- **Supplied data**:
□ □ □ □ □ □ □
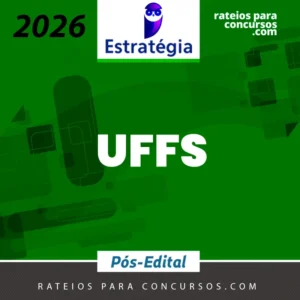 UFFS | Pós Edital - Técnico de Tecnologia da Informação da Universidade Federal da Fronteira Sul [2026] ES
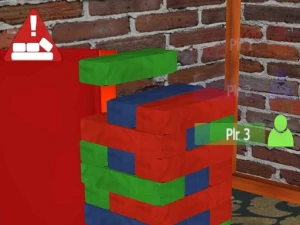 Bricks Jenga 3D - Play Free Best Casual Online Game on JangoGames.com
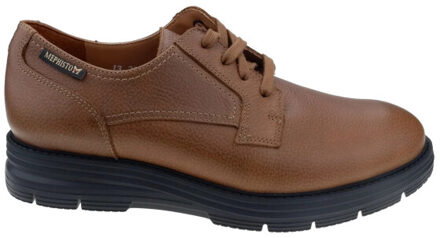 Mephisto Cedrik heren veterschoen Bruin - 41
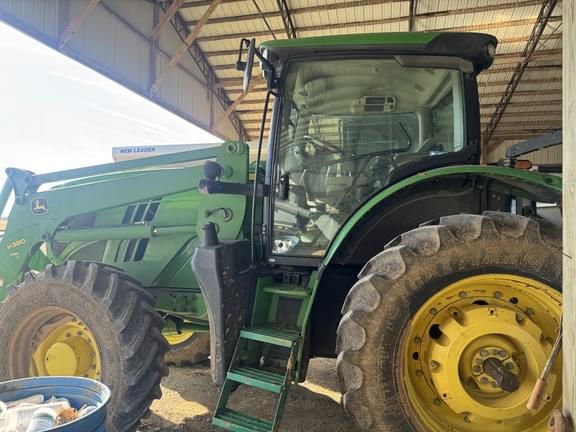 Image of John Deere 6170R equipment image 2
□ □ □ □ □ □ □
- **Task item**: Output the data above exactly, excluding images.

- **Task result**:
 UFFS | Pós Edital - Técnico de Tecnologia da Informação da Universidade Federal da Fronteira Sul [2026] ES
 Bricks Jenga 3D - Play Free Best Casual Online Game on JangoGames.com
 Mephisto Cedrik heren veterschoen Bruin - 41
 Image of John Deere 6170R equipment image 2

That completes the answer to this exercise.